Share

24 Art Exhibitions to View in N.Y.C. This Weekend

By Jason Farago

The New York Times offers its final review of the Metropolis in Latin America, 1830-1930, exhibition which was on display at Americas Society until June 30.

The Metropolis in Latin America, 1830-1930 at Americas Society (through June 30). Fans of Latin American architecture are overly besotted with the modernist era: Luis Barragán’s color-saturated houses in Mexico City, Oscar Niemeyer’s cutting-edge presidential palace in Brasília. But this eye-opening exhibition turns the clock back 100 years and shows how six cities — Buenos Aires; Havana; Lima, Peru; Mexico City; Rio de Janeiro; and Santiago, Chile — used architecture and urban design to express new national ambitions.
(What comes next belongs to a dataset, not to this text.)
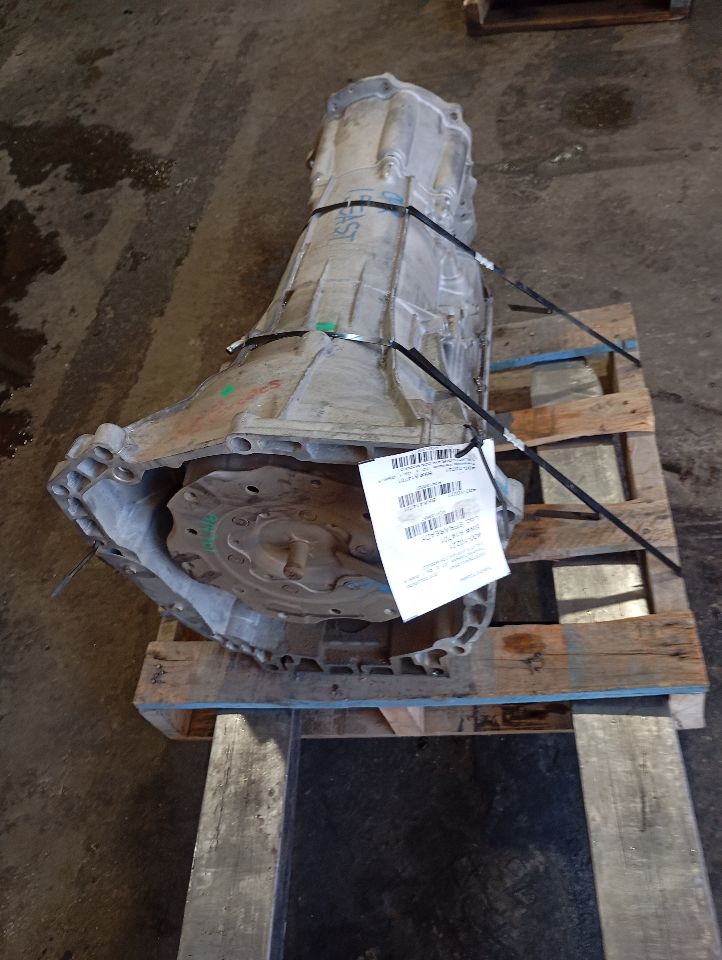 Part image 5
Vintage photographs disclose how in Mexico’s sprawling capital its new republican government erected statues of Cuauhtémoc, the last Aztec emperor, while Argentina plowed out lordly avenues in imitation of Haussmann-era Paris. All these cities had keen architectural ambitions, though if you have to pick the most sophisticated, it’s Rio in a landslide. Stare at Marc Ferrez’s jaw-dropping 1895 panoramic photograph of the erstwhile Brazilian capital, with Sugarloaf Mountain looming over Botafogo and Flamengo, and book the next flight.